MVD: A Multi-Lingual Software Vulnerability Detection Framework
Boyu Zhang, Triet H. M. Le, M. Ali Babar
TL;DR
The paper tackles the challenge of detecting software vulnerabilities across multiple programming languages by introducing MVD, a CodeBERT-based framework that jointly learns vulnerability patterns from six languages and supports incremental learning to extend to new languages. MVD uses a multi-class training objective and a hybrid FOLA loss to handle language-imbalanced data, while an incremental learning module with distillation preserves prior knowledge when adding new languages. Experimental results on a curated dataset of over 11K real-world vulnerabilities show substantial improvements over single-language baselines and demonstrate effective extension to new languages without eroding performance on existing ones. The work advances practical vulnerability prediction for polyglot software ecosystems and provides data and code for future research.
Abstract
Software vulnerabilities can result in catastrophic cyberattacks that increasingly threaten business operations.

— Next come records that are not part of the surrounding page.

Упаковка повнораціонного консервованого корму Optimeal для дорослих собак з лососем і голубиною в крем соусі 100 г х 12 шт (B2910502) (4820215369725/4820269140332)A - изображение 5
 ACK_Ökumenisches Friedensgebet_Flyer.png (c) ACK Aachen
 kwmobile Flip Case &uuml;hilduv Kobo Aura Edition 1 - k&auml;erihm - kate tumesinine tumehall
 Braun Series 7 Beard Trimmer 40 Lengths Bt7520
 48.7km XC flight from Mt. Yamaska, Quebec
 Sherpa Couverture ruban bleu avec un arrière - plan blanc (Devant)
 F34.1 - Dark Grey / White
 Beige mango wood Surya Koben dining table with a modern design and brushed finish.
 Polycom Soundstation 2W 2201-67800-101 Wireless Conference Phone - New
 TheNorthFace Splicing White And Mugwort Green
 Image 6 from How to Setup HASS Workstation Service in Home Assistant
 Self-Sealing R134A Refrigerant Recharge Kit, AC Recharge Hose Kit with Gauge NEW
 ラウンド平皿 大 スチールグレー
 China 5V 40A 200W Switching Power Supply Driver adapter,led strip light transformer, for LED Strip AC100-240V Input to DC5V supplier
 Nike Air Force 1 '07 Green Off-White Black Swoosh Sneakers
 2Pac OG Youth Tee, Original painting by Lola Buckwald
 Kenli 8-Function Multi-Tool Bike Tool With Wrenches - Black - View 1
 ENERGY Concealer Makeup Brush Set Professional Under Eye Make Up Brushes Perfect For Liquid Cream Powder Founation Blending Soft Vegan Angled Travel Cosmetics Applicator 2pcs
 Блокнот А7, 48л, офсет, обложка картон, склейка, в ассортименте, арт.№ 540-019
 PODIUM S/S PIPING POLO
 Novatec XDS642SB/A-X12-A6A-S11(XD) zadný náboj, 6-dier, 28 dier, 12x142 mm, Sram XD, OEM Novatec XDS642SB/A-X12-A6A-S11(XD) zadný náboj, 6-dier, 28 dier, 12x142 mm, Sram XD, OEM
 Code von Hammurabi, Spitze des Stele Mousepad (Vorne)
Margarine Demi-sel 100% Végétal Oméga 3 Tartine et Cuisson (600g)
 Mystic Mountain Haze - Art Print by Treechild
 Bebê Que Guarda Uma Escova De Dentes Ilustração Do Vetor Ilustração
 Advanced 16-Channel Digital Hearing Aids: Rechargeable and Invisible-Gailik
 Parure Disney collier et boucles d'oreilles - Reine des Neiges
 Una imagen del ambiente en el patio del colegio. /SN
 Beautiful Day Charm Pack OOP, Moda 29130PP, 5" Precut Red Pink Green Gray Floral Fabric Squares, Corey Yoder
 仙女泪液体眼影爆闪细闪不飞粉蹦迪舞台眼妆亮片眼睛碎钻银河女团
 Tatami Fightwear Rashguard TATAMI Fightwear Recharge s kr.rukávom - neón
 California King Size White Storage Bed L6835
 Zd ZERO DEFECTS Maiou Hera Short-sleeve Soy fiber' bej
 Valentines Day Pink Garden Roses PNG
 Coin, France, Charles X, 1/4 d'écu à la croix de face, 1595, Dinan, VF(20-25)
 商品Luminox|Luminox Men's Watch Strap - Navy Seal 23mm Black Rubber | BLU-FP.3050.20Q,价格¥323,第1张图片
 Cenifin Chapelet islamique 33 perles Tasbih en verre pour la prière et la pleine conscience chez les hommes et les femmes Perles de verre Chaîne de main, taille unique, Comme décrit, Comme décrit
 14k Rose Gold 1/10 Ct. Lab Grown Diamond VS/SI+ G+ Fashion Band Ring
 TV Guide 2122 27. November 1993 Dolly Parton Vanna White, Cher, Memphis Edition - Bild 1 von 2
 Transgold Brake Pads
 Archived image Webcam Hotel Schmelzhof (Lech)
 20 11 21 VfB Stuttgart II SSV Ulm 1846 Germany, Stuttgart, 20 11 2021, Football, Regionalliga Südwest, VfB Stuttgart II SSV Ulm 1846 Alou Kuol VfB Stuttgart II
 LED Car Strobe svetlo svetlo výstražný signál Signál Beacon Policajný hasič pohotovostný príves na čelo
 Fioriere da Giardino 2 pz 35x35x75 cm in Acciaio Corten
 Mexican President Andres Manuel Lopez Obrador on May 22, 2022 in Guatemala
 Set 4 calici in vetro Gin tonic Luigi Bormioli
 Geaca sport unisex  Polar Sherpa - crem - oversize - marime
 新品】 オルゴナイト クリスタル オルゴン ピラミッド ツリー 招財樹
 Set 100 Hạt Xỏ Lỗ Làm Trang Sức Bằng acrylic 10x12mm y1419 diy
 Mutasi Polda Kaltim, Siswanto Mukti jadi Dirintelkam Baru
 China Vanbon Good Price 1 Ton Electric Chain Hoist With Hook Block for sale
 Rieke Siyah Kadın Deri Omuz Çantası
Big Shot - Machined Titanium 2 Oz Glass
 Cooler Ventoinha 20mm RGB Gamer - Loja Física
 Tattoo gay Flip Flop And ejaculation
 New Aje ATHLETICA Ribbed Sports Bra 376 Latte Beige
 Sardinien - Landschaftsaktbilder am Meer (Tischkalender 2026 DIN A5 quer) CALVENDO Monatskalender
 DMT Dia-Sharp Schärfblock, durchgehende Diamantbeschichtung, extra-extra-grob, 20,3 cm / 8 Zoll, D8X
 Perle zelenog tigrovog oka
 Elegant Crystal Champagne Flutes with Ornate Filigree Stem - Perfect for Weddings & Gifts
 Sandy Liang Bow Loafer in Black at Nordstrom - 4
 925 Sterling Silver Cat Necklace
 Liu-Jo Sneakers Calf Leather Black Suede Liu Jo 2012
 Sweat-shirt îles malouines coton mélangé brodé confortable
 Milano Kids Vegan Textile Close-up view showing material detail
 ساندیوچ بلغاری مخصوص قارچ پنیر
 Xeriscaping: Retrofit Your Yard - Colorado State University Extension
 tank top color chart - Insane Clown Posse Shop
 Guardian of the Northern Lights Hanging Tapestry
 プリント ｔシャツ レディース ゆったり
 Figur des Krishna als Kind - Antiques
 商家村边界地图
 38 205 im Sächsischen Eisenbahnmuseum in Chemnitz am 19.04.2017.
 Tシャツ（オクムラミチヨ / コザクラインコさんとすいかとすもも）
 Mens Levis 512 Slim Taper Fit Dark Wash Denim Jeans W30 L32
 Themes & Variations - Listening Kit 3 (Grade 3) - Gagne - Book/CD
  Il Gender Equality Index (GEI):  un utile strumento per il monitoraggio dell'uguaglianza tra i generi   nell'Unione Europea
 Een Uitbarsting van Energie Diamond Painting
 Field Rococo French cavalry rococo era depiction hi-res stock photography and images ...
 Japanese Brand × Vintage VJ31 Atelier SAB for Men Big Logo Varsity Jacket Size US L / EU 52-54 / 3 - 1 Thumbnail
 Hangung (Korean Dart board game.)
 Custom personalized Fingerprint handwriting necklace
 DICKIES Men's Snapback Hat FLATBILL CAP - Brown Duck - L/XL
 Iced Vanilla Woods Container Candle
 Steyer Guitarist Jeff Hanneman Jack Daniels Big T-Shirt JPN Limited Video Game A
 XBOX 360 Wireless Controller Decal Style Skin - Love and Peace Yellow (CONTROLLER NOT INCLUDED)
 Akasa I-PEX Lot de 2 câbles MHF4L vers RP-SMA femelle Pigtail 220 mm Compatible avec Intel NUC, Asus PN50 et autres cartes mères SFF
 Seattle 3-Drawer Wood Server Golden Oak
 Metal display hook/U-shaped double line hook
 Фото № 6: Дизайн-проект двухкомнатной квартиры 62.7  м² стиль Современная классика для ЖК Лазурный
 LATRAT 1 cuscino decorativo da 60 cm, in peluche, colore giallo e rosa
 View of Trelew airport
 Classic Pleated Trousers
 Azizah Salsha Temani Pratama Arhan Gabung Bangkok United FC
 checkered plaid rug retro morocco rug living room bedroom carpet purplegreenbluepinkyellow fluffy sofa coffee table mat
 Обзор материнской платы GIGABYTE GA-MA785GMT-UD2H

Consequently, ensuring the safety of software systems has become a paramount concern for both private and public sectors. Recent literature has witnessed increasing exploration of learning-based approaches for software vulnerability detection. However, a key limitation of these techniques is their primary focus on a single programming language, such as C/C++, which poses constraints considering the polyglot nature of modern software projects. Further, there appears to be an oversight in harnessing the synergies of vulnerability knowledge across varied languages, potentially underutilizing the full capabilities of these methods. To address the aforementioned issues, we introduce MVD - an innovative multi-lingual vulnerability detection framework. This framework acquires the ability to detect vulnerabilities across multiple languages by concurrently learning from vulnerability data of various languages, which are curated by our specialized pipeline. We also incorporate incremental learning to enable the detection capability of MVD to be extended to new languages, thus augmenting its practical utility. Extensive experiments on our curated dataset of more than 11K real-world multi-lingual vulnerabilities substantiate that our framework significantly surpasses state-of-the-art methods in multi-lingual vulnerability detection by 83.7% to 193.6% in PR-AUC. The results also demonstrate that MVD detects vulnerabilities well for new languages without compromising the detection performance of previously trained languages, even when training data for the older languages is unavailable. Overall, our findings motivate and pave the way for the prediction of multi-lingual vulnerabilities in modern software systems.